Thursday, April 28, 2011

Partially Hydrogenated What?!

I'm just going to tackle the biggie right off the bat.  Partially hydrogenated oils.  What a long word to descibe a type of fat.  So long in fact, its got a nickname, trans fat.  Much easier to say, if you ask me, but no better for your body!  Following, I will explain WHAT trans fats are and WHY they are bad for you. 

What are trans fats? 
Trans fat comes from adding hydrogen to vegetable oil through a process called hydrogenation. Trans fats are more solid than oil is, making them less likely to spoil. Using trans fats in the manufacturing of foods helps foods stay fresh longer, have a longer shelf life and have a less greasy feel (reference Mayo Clinic).  Now I don't know about you, but anything being less greasy sounds good to me.  Unfortunately, when it comes to trans fats, less greasy = less healthy....

What are the health risks? 
1-Coronary Artery Disease.  Coronary artery disease develops when your coronary arteries — the major blood vessels that supply your heart with blood, oxygen and nutrients — become damaged or diseased. Cholesterol-containing deposits (plaques) on your arteries are usually to blame for coronary artery disease (reference Mayo Clinic).

2-Negative changes in your cholesterol.  Trans fat raises the LDL (bad) cholesterol and lowers the HDL (cholesterol). A study done in the New England Journal of Medicine found that on a per-calorie basis, trans fats appear to increase the risk of CHD more than any other macronutrient, conferring a substantially increased risk at low levels of consumption (reference Mayo Clinic).

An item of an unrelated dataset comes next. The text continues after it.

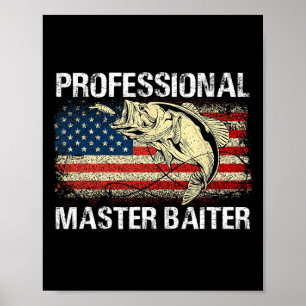 Professioneller Meister Iter Retro Amerikanische F Poster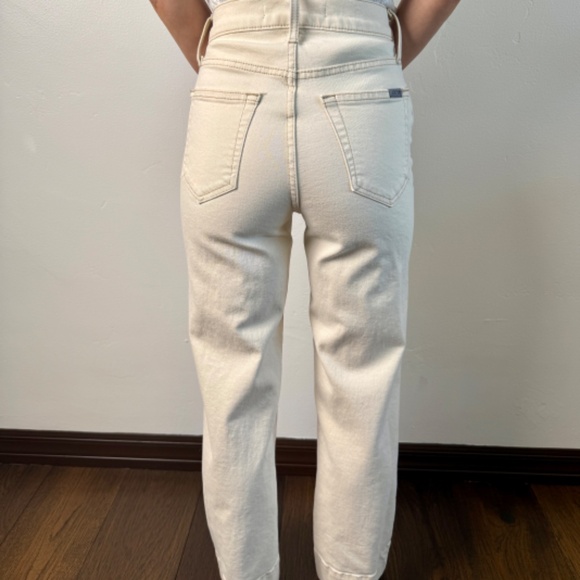 Joe's Wide Leg High Waist Cream Denim Size 23 - Picture 2 of 4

3-Other possible health risks that are under scientific review include links to Alzheimers disease, cancer, type-2 diabetes, infertility, obesity, liver disfunction and depression (reference Mayo Clinic).

Who invented this stuff?  That honor goes to a German chemist named Wilhelm Normann.  He was able to partially hygrogenate oils in 1901 and patented the process in 1902, where he then built a fat hardening facility (that just doesn't sound right).  In 1909 he sold the patent rights to Proctor and Gamble who in turn began making and marketing the first hydrogenated shortening called Crisco (ever heard of it?!)  Further success came from the marketing technique of giving away free cookbooks in which every recipe called for Crisco (reference Wikipedia).  I gotta say, great marketing tool to give away free cookbooks calling for your ingredient in every recipe....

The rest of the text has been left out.